Mi rendo conto che si tratta di un argomento
delicato e complesso, che impone una riflessione il meno possibile superficiale.
Mi propongo di affrontarlo secondo due direttrici: nella prima parte cercherò
semplicemente di mostrare come il ruolo dello Stato possa essere demandato
senza troppo drammi a chi ha sempre ritenuto di avere questo potere decisionale
nei confronti delle generazioni più giovani, ovvero la famiglia (termine
peraltro vago, che può includere solo i genitori ma anche la comunità familiare
allargata fino a includere il vicinato).
Nella seconda parte, ben più radicale e
importante nelle sue intenzioni, tenterò invece di rovesciare l’assunto
classico della sociologia che vede l’infanzia solo come protagonista passiva
del fenomeno della socializzazione, quindi come puro oggetto di sperimentazione,
come semplice utilizzatrice finale delle manovre degli ingegneri sociali aventi
il fine di “integrare” il giovane nella cittadinanza, invece che attiva
protagonista e partecipante della vita culturale di una certa civiltà in un
dato momento.
Il processo di istituzionalizzazione
della vita infantile è coinciso con una sfiducia crescente nelle capacità dei
genitori di educare, crescere, e garantire un’esistenza dignitosa alle propria
prole. Nella psicologia dello sviluppo di Freud e poi dei vari epigoni la
famiglia è diventata anzi l’origine di tutte le problematiche e le turbe
caratteriali di qualsiasi individuo. Ogni problema riscontrabile nella vita
adulta è sicuramente attribuibile a una famiglia “disfunzionale” (a quanto pare
occorre sempre più essere “funzionali” in molteplici campi per avere il diritto
di esistere), il che spiega la fretta da parte della società di strappare i
bambini dal controllo delle famiglie per porli sotto la sua tutela.

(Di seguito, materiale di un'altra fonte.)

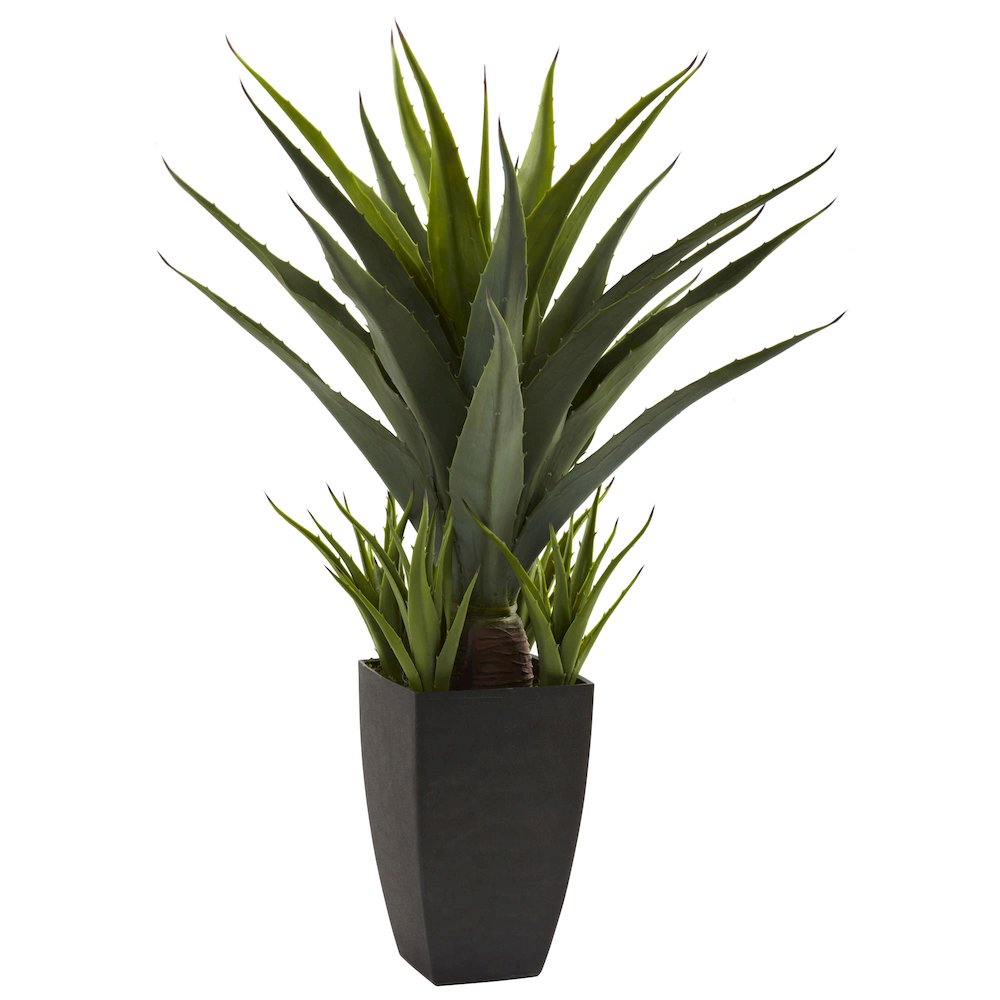 30in. Artificial Agave Plant with Black Planter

Il fenomeno è coinciso anche con un
processo di “scoperta” dell’infanzia che – sebbene le concezioni dell’infanzia
siano passate innegabilmente sotto importanti mutamenti nel corso degli ultimi
secoli – ha una natura profondamente ambivalente che viene talvolta raccontata
da una visuale limitatissima. Da un lato
si racconta spesso un’edificante favoletta di progresso secondo cui l’infanzia
viene sempre più strappata a un passato fatto di barbarie, di violenze, di
negligenze, di gravissimi abusi perpetrati nell’indifferenza generale: come
scriveva Lloyd deMause nel 1974 “la storia dell'infanzia è un incubo dal
quale solo di recente abbiamo cominciato a destarci. Più si va addietro nella
storia, più basso appare il grado di attenzione per il bambino, e più
frequentemente tocca a costui la sorte di venire assassinato, abbandonato,
picchiato, terrorizzato, e di subire violenze sessuali”.[1]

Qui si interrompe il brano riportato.